México jugó de igual a igual, generó situaciones y mantuvo la presión hasta el final, pero chocó con la eficacia de Harry Kane.

Harry Kane celebrando el 3 a 2 ante México.
Harry Kane celebrando el 3 a 2 ante México.
05 Julio 2026

Durante buena parte de la noche en el Estadio Azteca, el 3-2 pareció estar siempre abierto. México jugó de igual a igual, mostró personalidad y puso contra las cuerdas a una Inglaterra que volvió a exhibir más eficacia que brillo. Sin embargo, cuando los márgenes son mínimos, las grandes selecciones suelen encontrar la diferencia en sus figuras. E Inglaterra volvió a apoyarse en Harry Kane para avanzar a los cuartos de final de un Mundial en el que todavía no deslumbra, pero sigue compitiendo. 

El contraste entre ambos equipos terminó siendo una síntesis de lo que habían mostrado durante el torneo. México llegaba fortalecido después de exhibir un nivel muy alto frente a Ecuador, mientras que Inglaterra seguía buscando una versión más convincente. Esa evolución colectiva volvió a quedar pendiente, pero el conjunto europeo encontró otra vez respuestas en su capitán, cuya presencia alcanzó para inclinar una eliminatoria mucho más pareja de lo que muchos imaginaban en la previa.
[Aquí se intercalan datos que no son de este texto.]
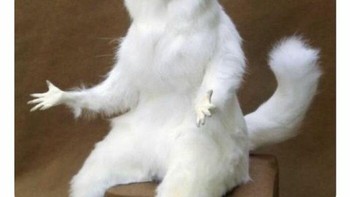 Buru-buru nonton episode selanjutnya (kalau ada, atau nunggu season selanjutnya?). Foto: Netflix Memes via Bored Panda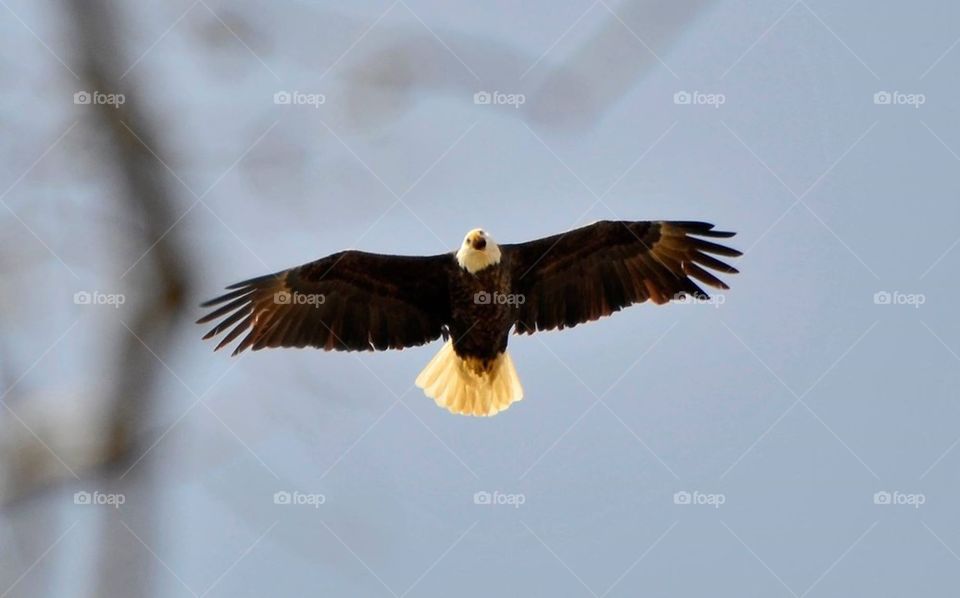 Bald eagle 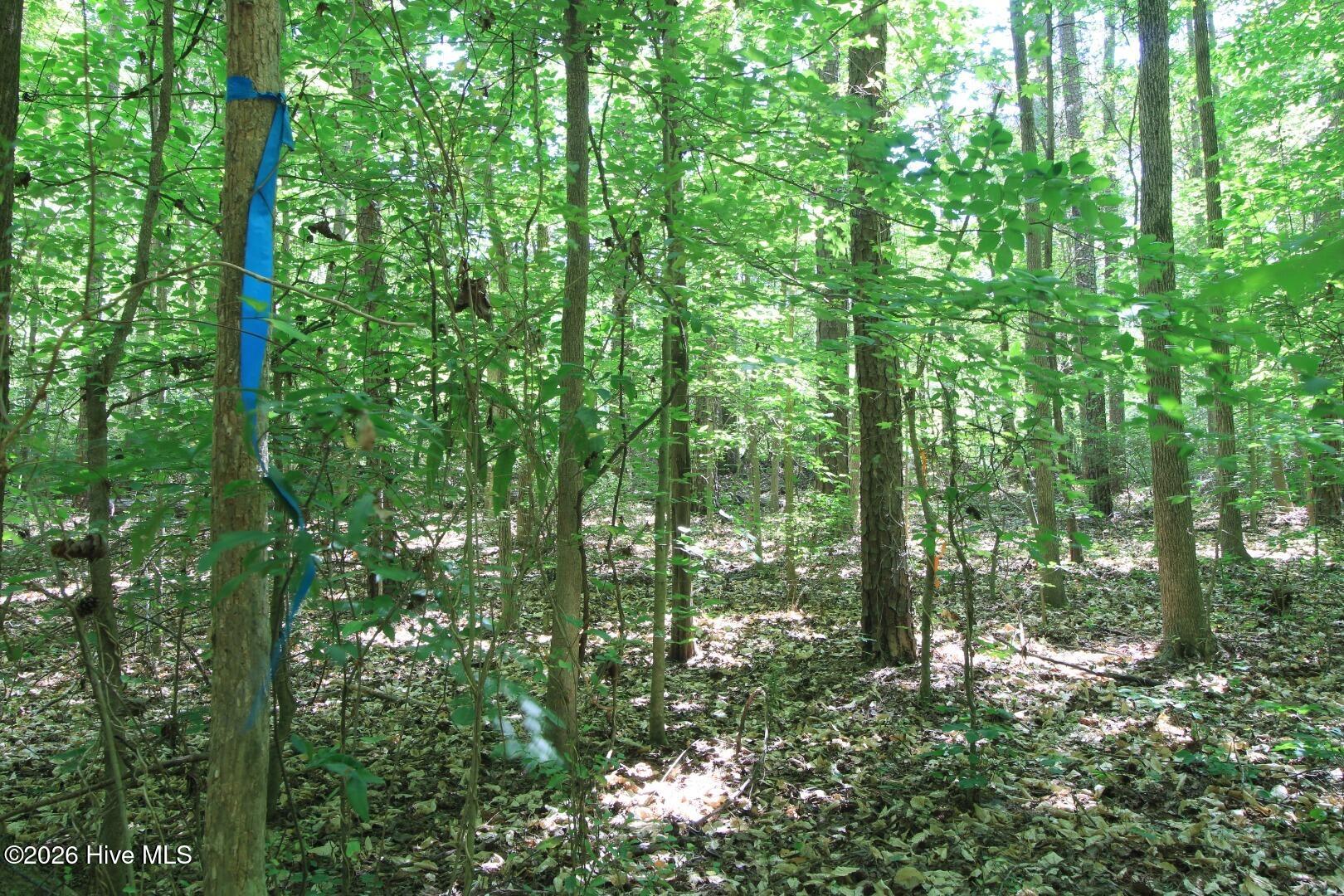 10466 Moores Chapel Road Charlotte, NC 28214 - Photo 22 of 50 Ground Blue Flag found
México nunca dejó de creer. Incluso en el tramo final, cuando el reloj comenzaba a jugar en su contra, siguió buscando espacios para llegar al empate. Álvaro Fidalgo probó dos veces desde afuera del área, primero con un remate desviado y luego con un disparo bajo que encontró respuesta. Santiago Giménez también tuvo una oportunidad clara dentro del área, aunque su definición se fue por encima del travesaño. El equipo mexicano acumuló aproximaciones, forzó córners y mantuvo a Inglaterra cerca de su propio arco. 

La presión también generó incertidumbre. A los 84 minutos hubo una revisión del VAR que terminó sin modificar la decisión inicial, una muestra de la tensión con la que se jugó el cierre del encuentro. Poco después llegó otro aviso con un centro que terminó en córner y una sucesión de pelotas detenidas que alimentaron la ilusión local.

Inglaterra, mientras tanto, administró la ventaja con la tranquilidad que le dio la experiencia de sus futbolistas. Jude Bellingham estuvo cerca de ampliar la diferencia con un tiro libre desde más de 30 metros que pasó muy cerca del ángulo izquierdo. Ya en tiempo agregado, el entrenador decidió retirar a Harry Kane para darle ingreso a Morgan Rogers, un reconocimiento implícito al peso que había tenido el delantero en el desarrollo del partido. 

México no dejó de insistir hasta la última jugada. Jesús Gallardo intentó sorprender desde larga distancia en el cierre, pero su remate se perdió por el costado del arco. Fue el último intento de un equipo que se marchó con la sensación de haber estado cerca.

El resultado volvió a dejar una enseñanza que suele repetirse en los torneos grandes. Inglaterra todavía no ofrece el funcionamiento que se espera de uno de los candidatos, pero conserva un recurso que puede cambiar cualquier partido: Harry Kane. México, en cambio, confirmó que puede competir de igual a igual con selecciones de primer nivel, aunque en los cruces de eliminación directa muchas veces la diferencia aparece en un detalle. Esta vez, ese detalle volvió a tener nombre propio.